[Input data]
▬▬▬

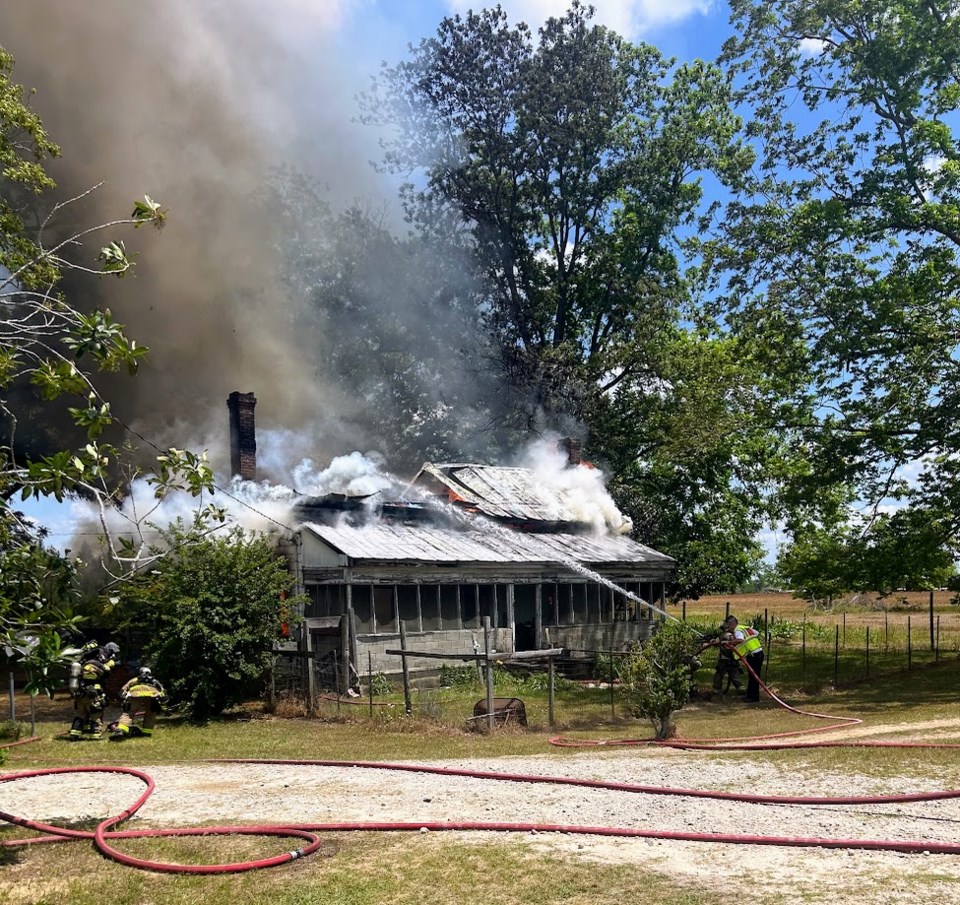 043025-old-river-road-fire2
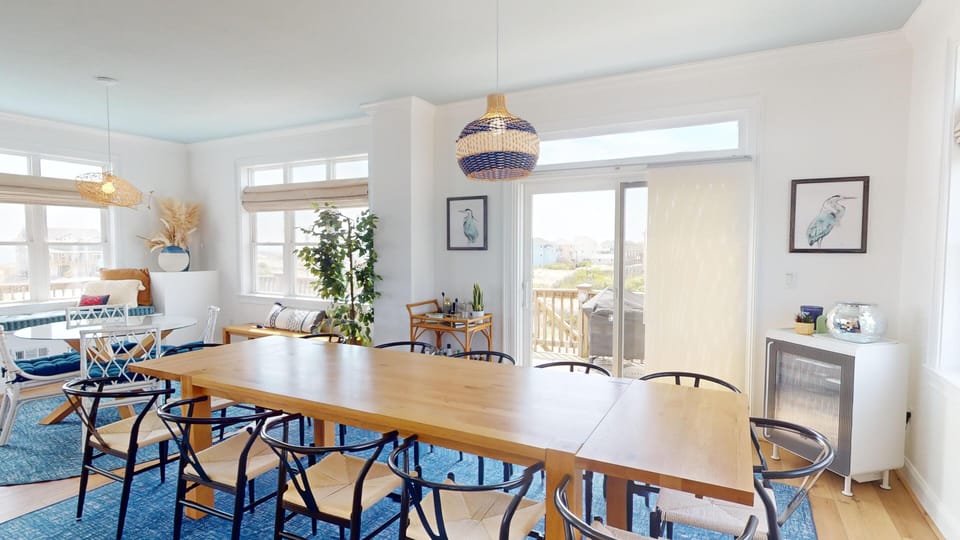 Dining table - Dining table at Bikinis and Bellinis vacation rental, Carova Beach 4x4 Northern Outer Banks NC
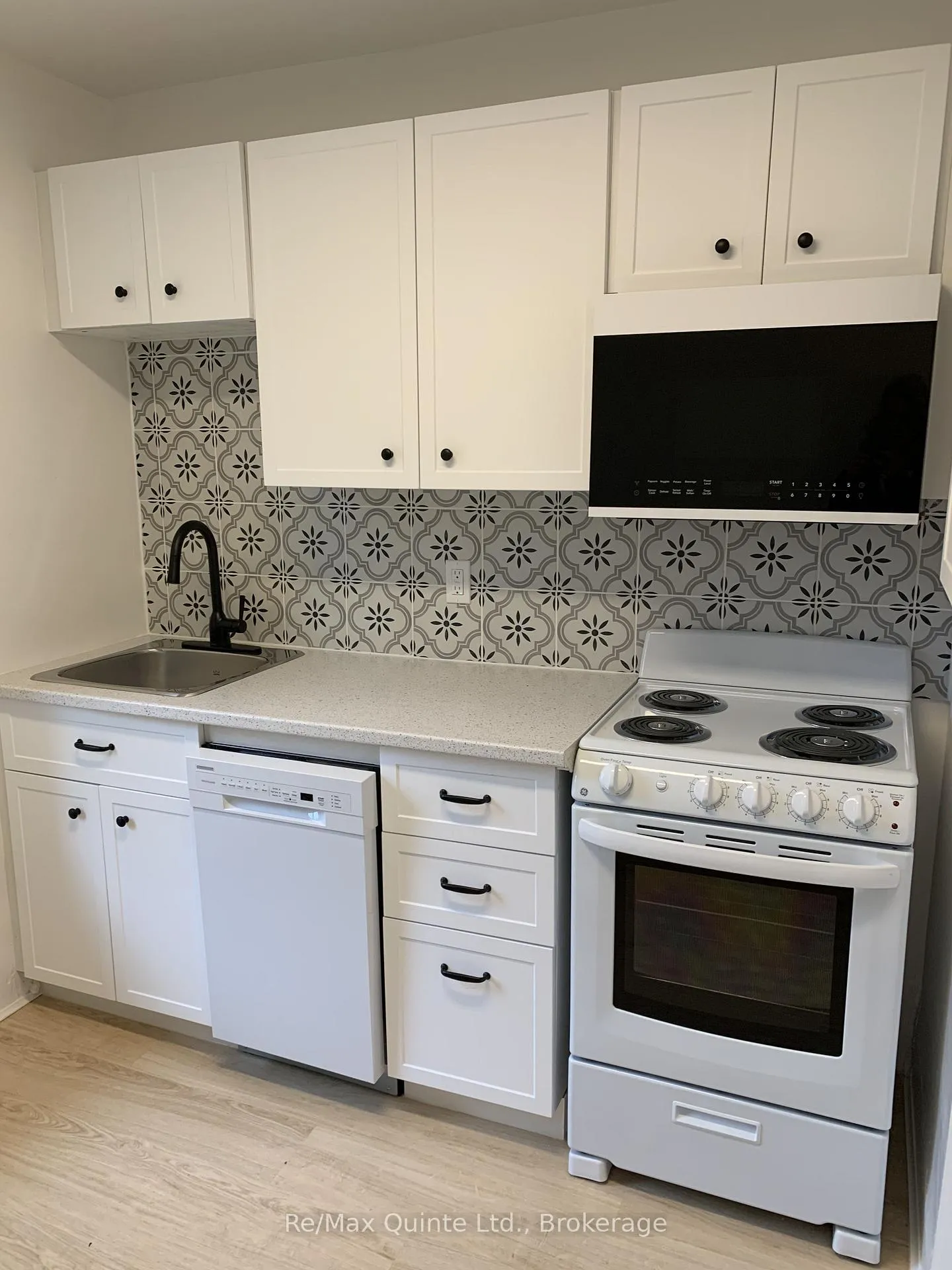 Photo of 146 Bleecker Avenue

▬▬▬

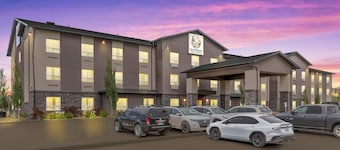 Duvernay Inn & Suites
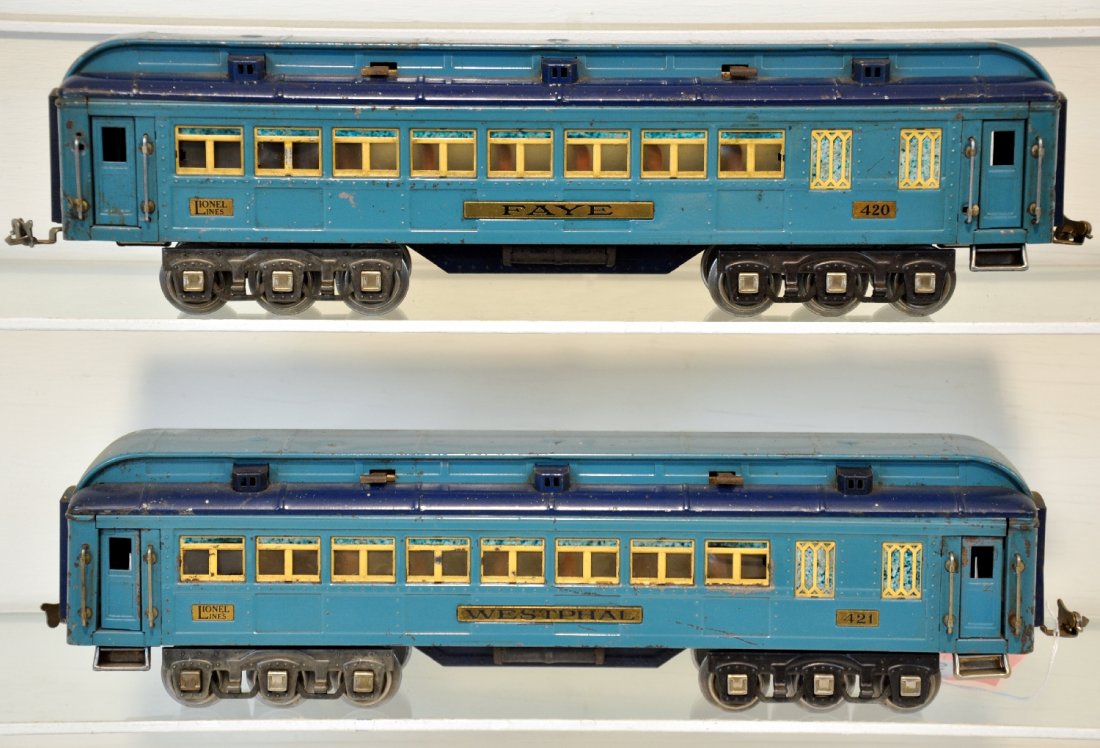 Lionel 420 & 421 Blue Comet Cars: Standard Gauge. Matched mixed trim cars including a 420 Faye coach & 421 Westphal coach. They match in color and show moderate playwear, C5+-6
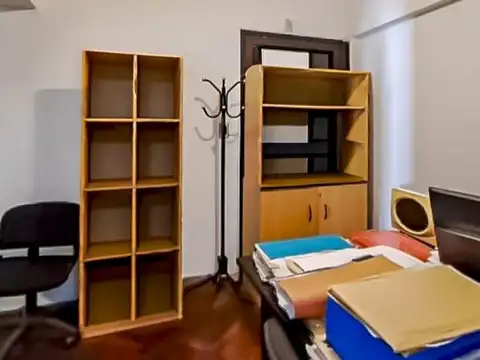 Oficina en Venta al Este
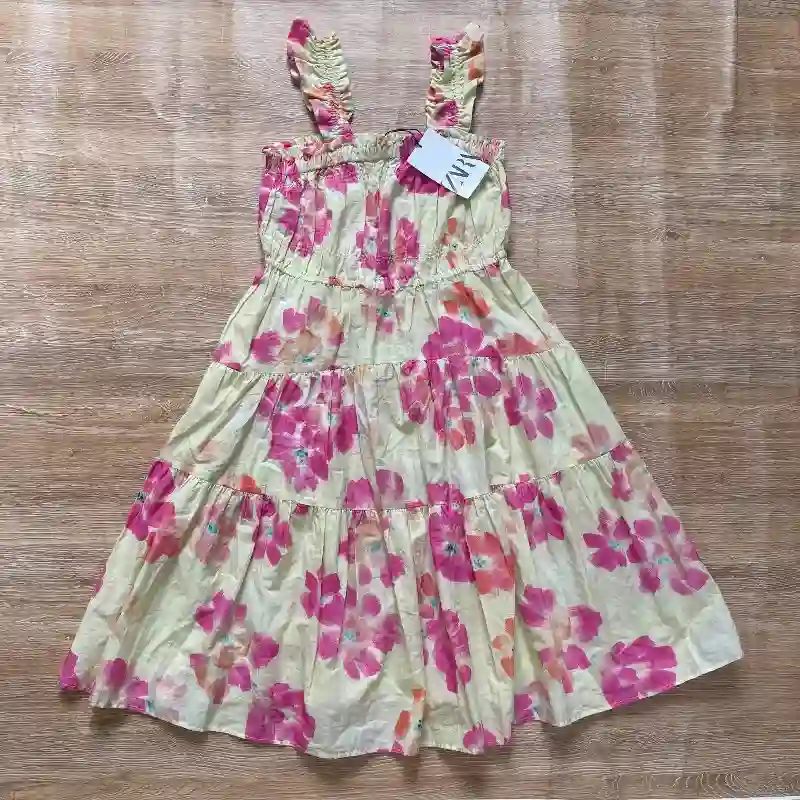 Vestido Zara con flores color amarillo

▬▬▬

[Task item]
Exactly reproduce the lines above, starting at the one that contains "043025-old-river-road-fire2" and ending at the one that contains "Photo of 146 Bleecker Avenue", both inclusive; leave the pictures out and add no other lines.

[Your response]
 043025-old-river-road-fire2
 Dining table - Dining table at Bikinis and Bellinis vacation rental, Carova Beach 4x4 Northern Outer Banks NC
 Photo of 146 Bleecker Avenue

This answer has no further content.